No dia seguinte Miriam teve alta e o médico prescreveu cuidados e uma dieta de privação de iodo. Miriam deveria ficar sem ingerir sal iodado por uns 30 dias até que pudesse fazer a iodoterapia.
Não foi fácil ficar sem o sal, pois tudo o que é vendido e comercializado leva sal de cozinha. Miriam passou privações, mas seguiu sua dieta até que agendaram a iodoterapia.
A iodoterapia foi realizada num quarto especial do hospital, todo revestido de chumbo e de acesso restrito. Murilo e Joelma entraram com Miriam. Quando o médico ministrou o iodo radioativo, o contador geiger disparou alertando os pais de que não poderiam permanecer mais no local.
Murilo e Joelma deixaram sua filha no quarto do hospital e só poderiam vê-la novamente quarenta e oito horas depois, tempo necessário para a descontaminação radioativa. Saíram dali com o coração aos pedaços, tomaram o carro em silêncio e foram parar em uma pequena capela.
Joelma ajoelhou-se, fechou os olhos para ver mais profundamente a luz. Murilo ao contrário, sentou-se numa cadeira, baixou a cabeça fechou os olhos lacrimejantes e sua oração era uma só:
- Meu Deus cure minha filha. Meu Deus cure minha filha.
Nesse momento sentiu algo sobre o joelho esquerdo. Ao abrir os olhos viu uma velha Bíblia marrom ali depositada por Joelma, que depois de levar a Bíblia, retomou a oração.
- Eu não quero ler a Bíblia, eu só quero chorar. Pensou Murilo.
Nesse instante uma voz falou à Murilo:
- Abra a Bíblia na página marcada. Ali tem um texto que escrevi para você antes mesmo de você nascer.
Murilo olhou para o livro e viu a fita que marcava uma página. Abriu a Bíblia e ali havia várias palavras grifadas com marcador de texto, mas o que chamou a atenção foi o título em negrito de um dos capítulos intitulado “A Cura”, evangelho de Mateus 9:27-31:
“Partindo Jesus dali, dois homens cegos o seguiram, clamando: “Filho de Davi, tem misericórdia de nós!” Entrando Ele em casa, aproximaram-se os cegos, e Jesus lhes perguntou: “Credes que Eu seja capaz de fazer isto?” E, responderam-lhe: “Sim, Senhor!” Então, lhes tocou os olhos, dizendo: “Seja-vos feito conforme a vossa fé”. E os olhos deles foram abertos. Jesus os advertiu, então, severamente: “Cuidai para que ninguém saiba disto”. Contudo, ao partirem, propagaram os feitos de Jesus por toda aquela região”.
Depois de ter lido o texto, a voz perguntou a Murilo:
- E você, acha que eu seja capaz de curar sua filha?
Murilo respondeu mentalmente:
- Sim Senhor!
- Então seja feita conforme tua vontade. Proclamou a voz.
Nesse momento, o coração de Murilo gelou:
- Será que eu tenho fé suficiente para curar minha filha?
A voz prosseguiu:
- Basta se tiver fé do tamanho de um grão de mostarda.
Depois disso a voz retirou-se. Murilo abriu os olhos sabendo que não poderia fraquejar na fé, pois a cura de sua filha dependia disso. Foi até Joelma e a despertou do estado de oração.

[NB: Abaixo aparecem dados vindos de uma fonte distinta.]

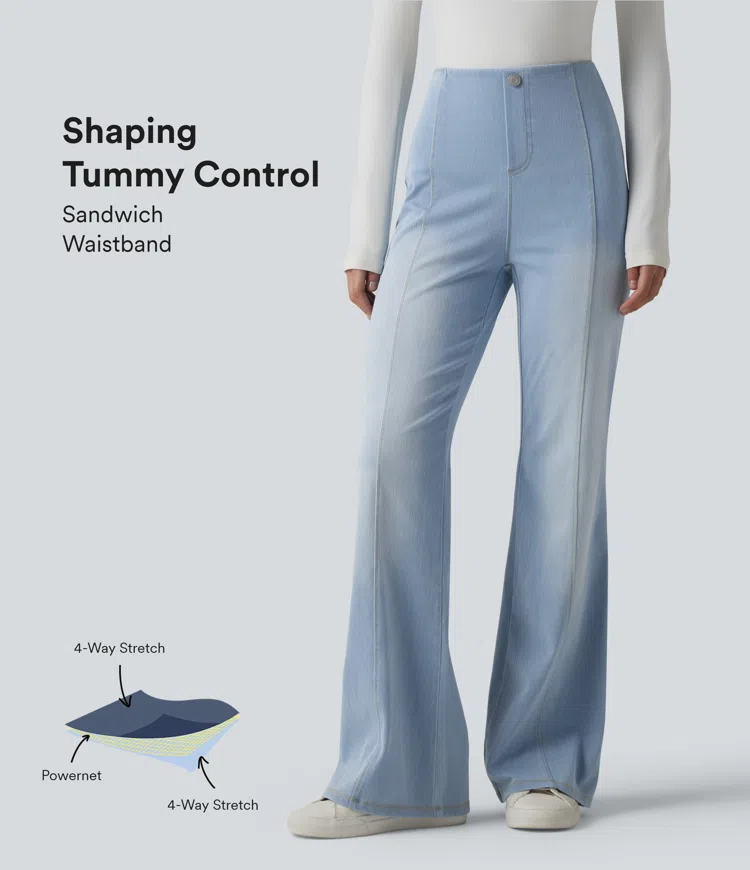 Halara Flex™  High Waisted Tummy Control Casual Flare Jeans with Pockets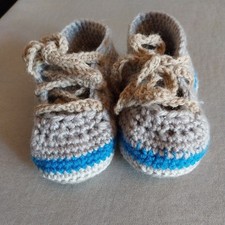 Babyschuhe, gehäkelt, Handarbeit, Geschenk, Socken, Puppe, 6-12 mon.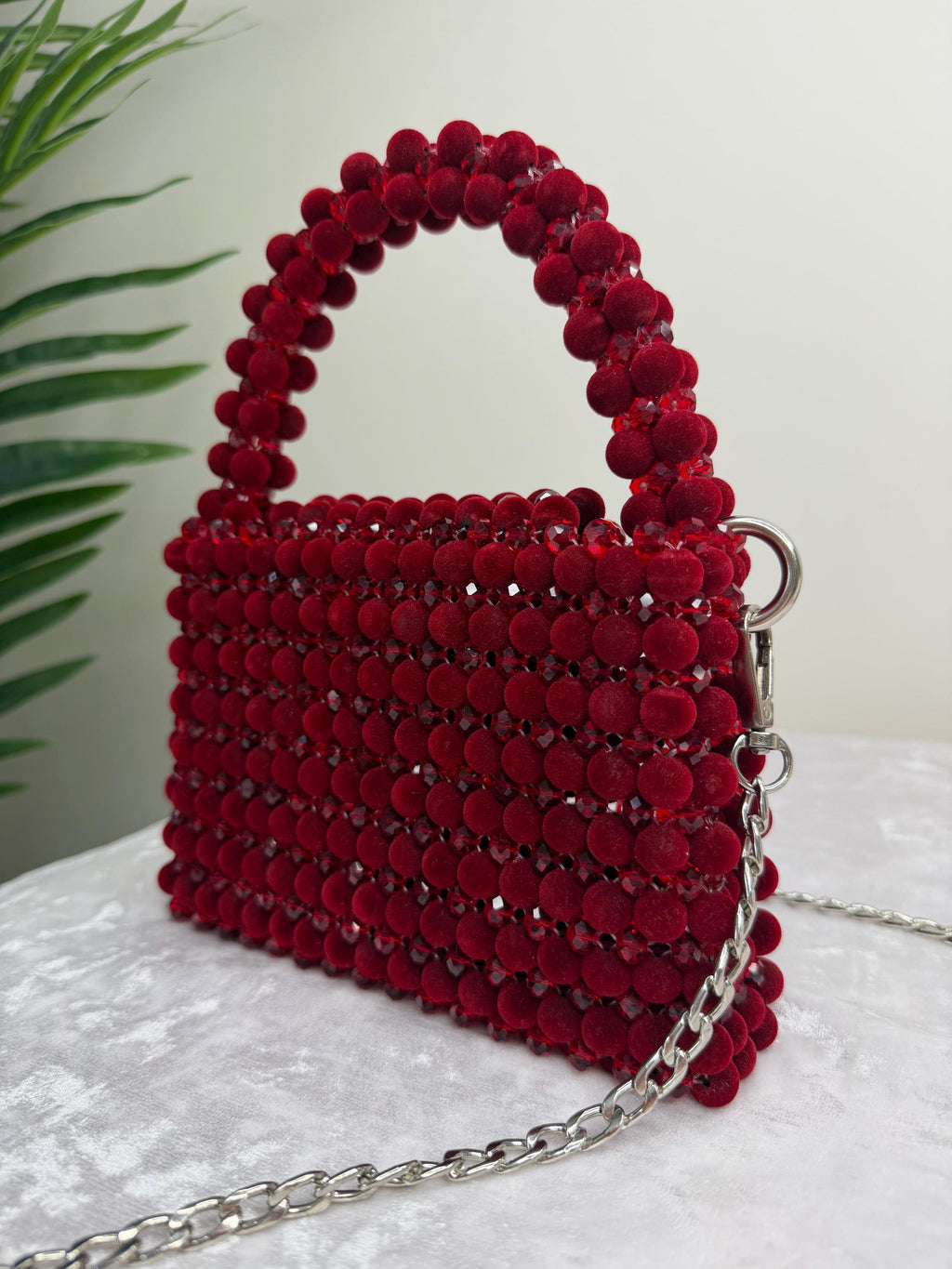 Burgundy Beaded Bag, Handmade Velvet Bead Purse, Luxury Statement Mini Bag, Evening Bag, Bridal Clutch, Gift for Her
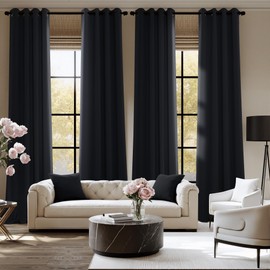 NICETOWN Black OutCurtains for Living Room Bedroom 80 Inches Long, 2 Panels, 52" W, Black, 3 Pass Microfiber Noise Reducing Thermal Insulated Solid Ring Top Blackout Window Drapes
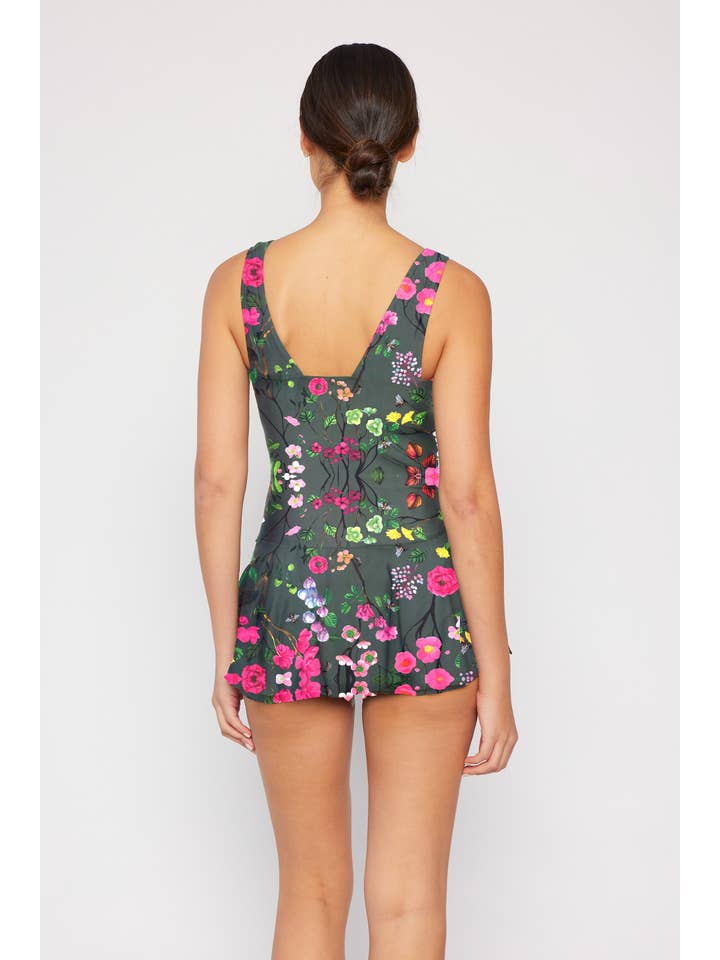 Skirted Maillot Swimsuit - Cherry Blossom Forest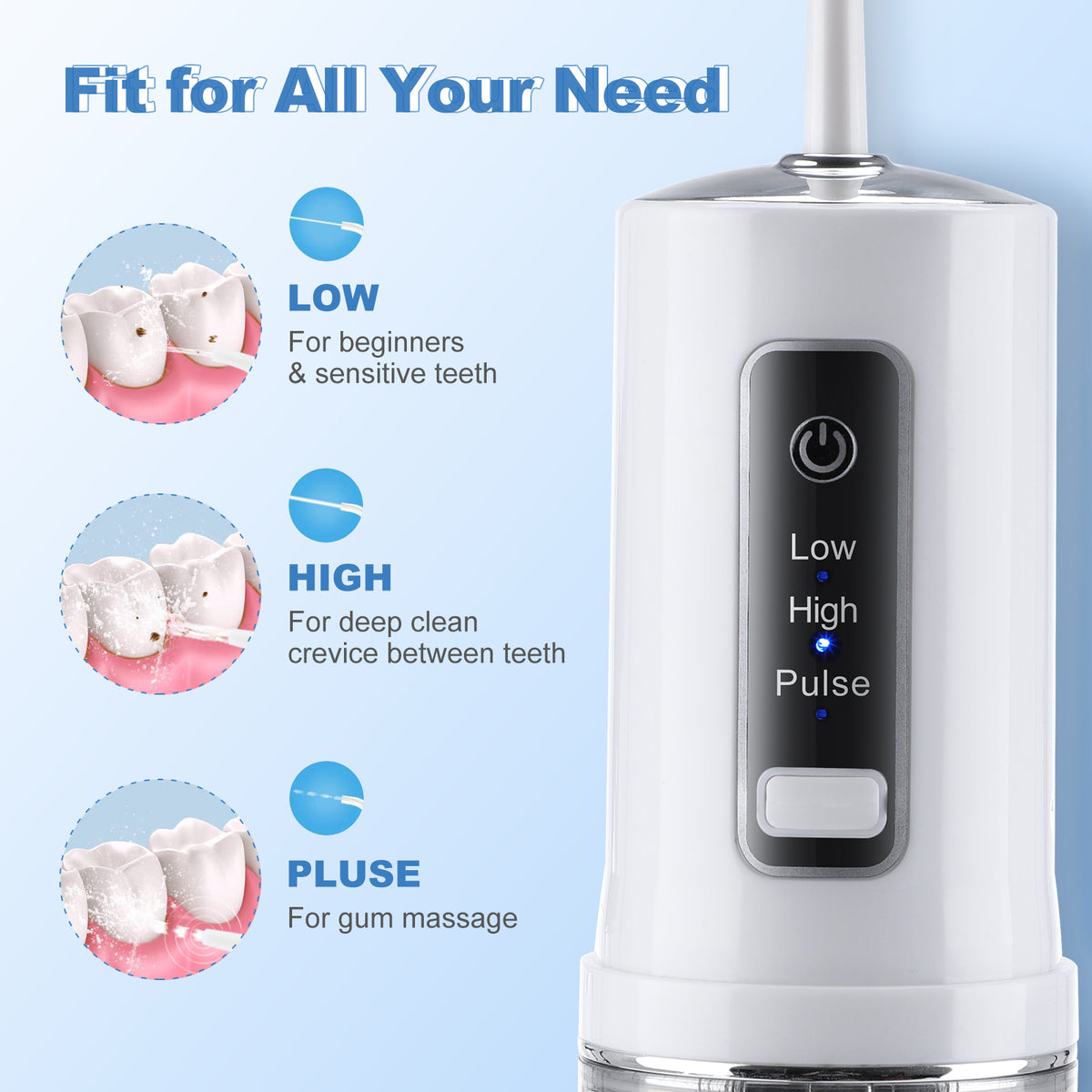 3 Modes Portable Oral Irrigator 230ml Collapsible Dental Water Flosser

- Vamos embora meu amor, nossa filha está curada.
Joelma sorriu, levantou-se e foram embora. Dois dias depois foram buscar a filha no Hospital. Ainda ficou uma semana isolada em seu próprio quarto sem poder ir à escola, em virtude da carga de radioatividade contida no corpo.
A evolução da cura teria de ser acompanhada dali em diante. Mas, a fé de Murilo antecipava a notícia da cura , que se daria há quinze anos para o futuro.